Which, come to think of it, may not be so strange after all. This short novel's differences from all the other short Maigret novels may be exactly what makes it stand out for certain critics and readers. My new theory is that the differences in My Friend Maigret work to draw attention to certain features that are present in most Maigrets but are usually just not so obvious.
The seventy-five novels featuring Maigret are all of a consistent quality. The mystery, which often seems the least important element of any Simenon story, is usually appropriately puzzling but is seldom concluded with an ingeniously contrived solution as it is in most Golden Age mysteries. The mechanics of the murders are less interesting than the lifestyles and motivations of the people involved in each case. Maigrets—and we the readers—become more involved in why whodunit did it.
The characterizations and ambience are consistently delivered, as are Maigret's moods. It's hard to say they are significantly better drawn in any particular book in the series.
So what's different with this one? It may be thought the title gives a clue, but we can discard this idea quickly. The words "my friend Maigret" ("mon ami Maigret" in the original French) does not make this a faux memoir of sorts. It's just a public boast by a petty criminal before he is found dead.
The setting is not the inspector's usual Parisian stomping grounds but an island off France's Mediterranean coast inhabited mainly by fishermen. Having Maigret away from his familiar milieu and colleagues is not unique in these books. And as much as we all enjoy his relationship with Madame Maigret, this is not the first time she is practically ignored in a story.

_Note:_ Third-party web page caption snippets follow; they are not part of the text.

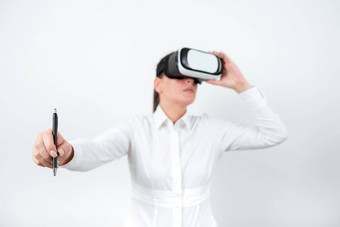 女人穿眼镜指出最近更新笔女商人虚拟现实眼镜展示的想法执行显示晚些时候数据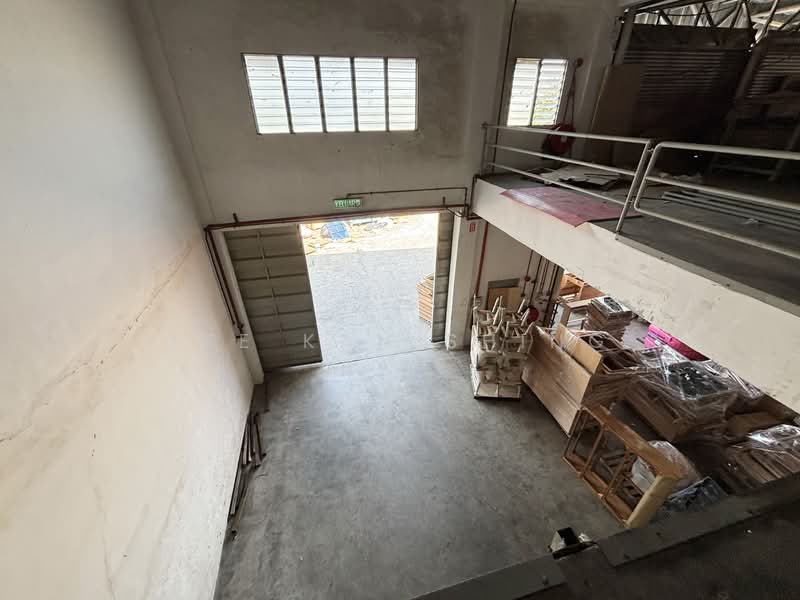 Warehouse for Rent in Sungai Buloh (Selangor) - Lee Kah Shing - Interior - PropertyGuru.com.my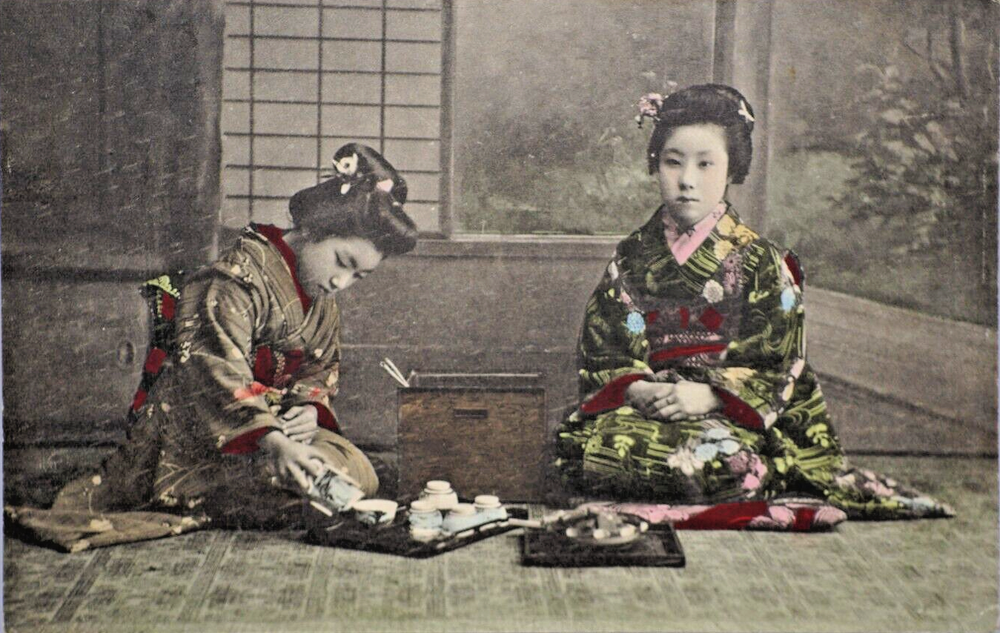 Postcard Japanese Tradition Geisha Girls Meiji Era Kimono Hand-Tinted Photograph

Nor is it the first time Maigret comes to doubt his own abilities. Truth be told, the title character is drawn somewhat erratically (or, to be kind, you could say he is nuanced). At times he's the Paris sophisticate, other times he's the two-fisted common man. He's sensitive, he's bullheaded. He's straightforward, he's devious. He's lazy, he's a workaholic. He's morally above reproach, he takes the law into his own hands. I suspect his changing personality from story to story reflects the author's own mercurial moods.
What does make a big difference in the plot here though is that a detective from Scotland Yard is assigned to shadow Maigret to supposedly learn his methods. This makes the Maigret character self-conscious, leading him to futz around soaking up the the foreign atmosphere and getting into the minds of the locals even more than usual before getting down to the particulars of the case. He's continually aware of being watched by the Englishman, he feels he's continually being judged by the man, and has a rivalry with him running through his thoughts.
For the reader this serves as a bit of a distancing mechanism. We can't help but pay more attention to Maigret's actions (and inactions), as seen by an outsider. We can't help wondering ourselves: what the heck are Maigret's methods?
Near the end Maigret tells the man from Scotland Yard that he must have learned French detectives have no methods. But we are painfully aware Maigret does have a method, which is based on studying the psychology of people in the case, even playing mind games with them. It's not exactly a method that will replace forensic analysis and detailed gathering of evidence in real police work, but it is eminently suitable for an engaging work of fiction.
In other words, we are rewarded, as always when reading Simenon, with an engaging novel of modern manners, rather than with the clever puzzles of Agatha Christie and company. In My Friend Maigret, we are more conscious of this than usual, which makes us think it must be a more outstanding literary work than the other Maigret books. In most Maigrets this quality is better hidden and is imbibed without being pointed out.
Perhaps a mind game Simenon is playing with us.